Material shown Block Start

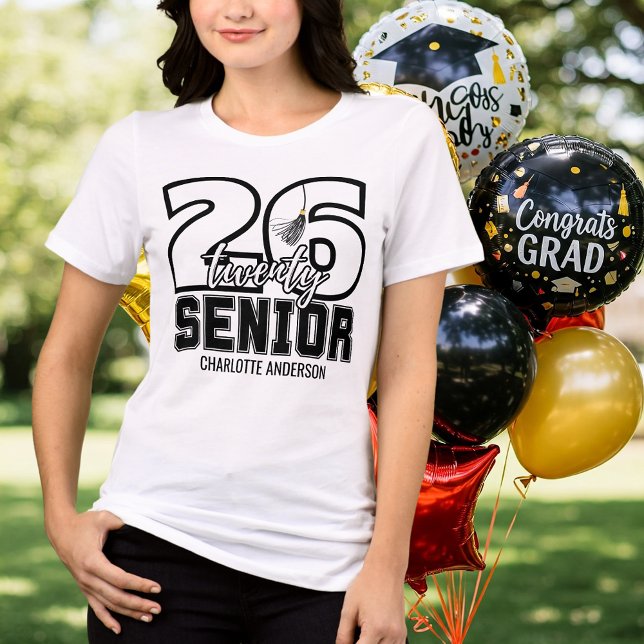 Avgångsklass 2026 examensutmärkelse t shirt (Skapare uppladdad)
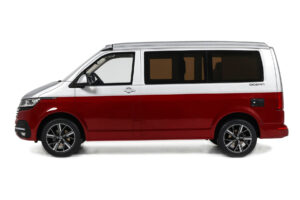 Volkswagen T6.1 California Ocean Tornado Red / Reflex Silver Otto 1:18 OT1342 Živica – obrázok 3 z 5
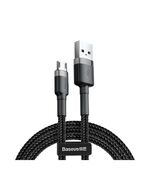 BASEUS CAFULE BRAIDED USB 2.0 TO MICRO USB CABLE ΜΑΎΡΟ 3M (CAMKLF-HG1) (BASCAMKLF-HG1)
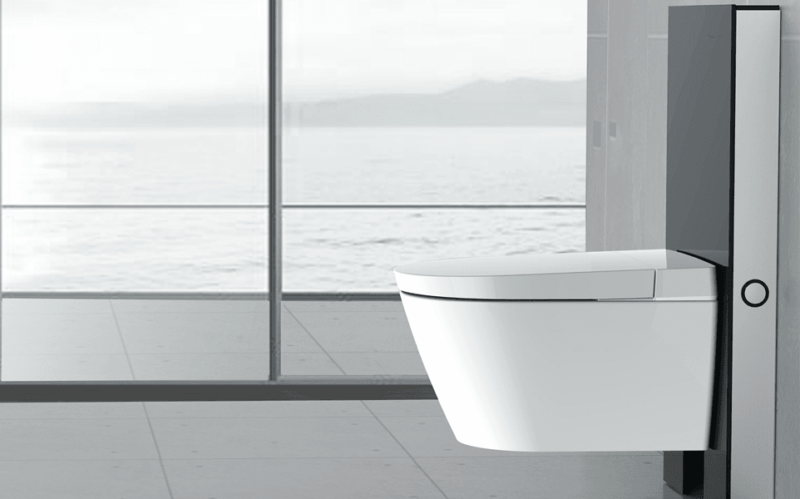 bathroom wall-hung toilet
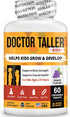 NuBest Doctor Taller Kids - 60 Vegan Chewable Tablets for Kids Multivitamins, Support Healthy Immunity & Bone Strength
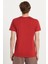 Unisex Slim Fit Dar Kesim %100 Pamuk Yumuşak Dokulu Kiremit Bisiklet Yaka Tişört 5
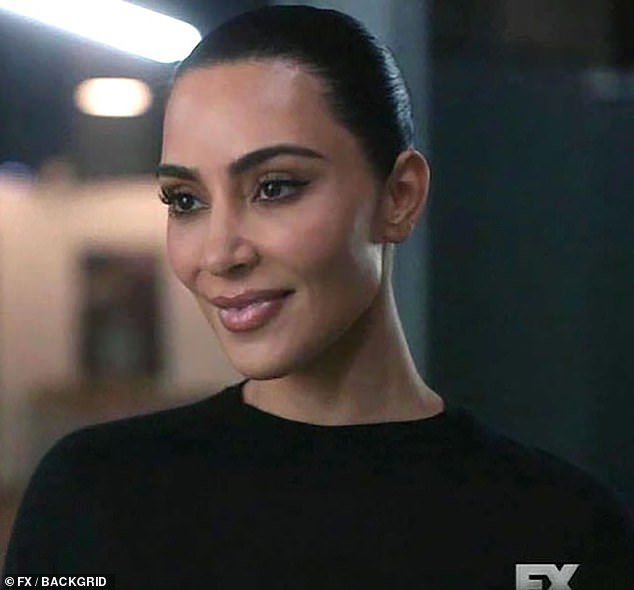 Kim has been widely mocked online for her portrayal of publicist Siobhan Corbyn in the new season Delicate of the anthology series.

Material shown Block End

If the listing above includes images, copy every line of it exactly except those images.

 Avgångsklass 2026 examensutmärkelse t shirt (Skapare uppladdad)
 Volkswagen T6.1 California Ocean Tornado Red / Reflex Silver Otto 1:18 OT1342 Živica – obrázok 3 z 5
 BASEUS CAFULE BRAIDED USB 2.0 TO MICRO USB CABLE ΜΑΎΡΟ 3M (CAMKLF-HG1) (BASCAMKLF-HG1)
 bathroom wall-hung toilet
 NuBest Doctor Taller Kids - 60 Vegan Chewable Tablets for Kids Multivitamins, Support Healthy Immunity & Bone Strength
 Unisex Slim Fit Dar Kesim %100 Pamuk Yumuşak Dokulu Kiremit Bisiklet Yaka Tişört 5
 Kim has been widely mocked online for her portrayal of publicist Siobhan Corbyn in the new season Delicate of the anthology series.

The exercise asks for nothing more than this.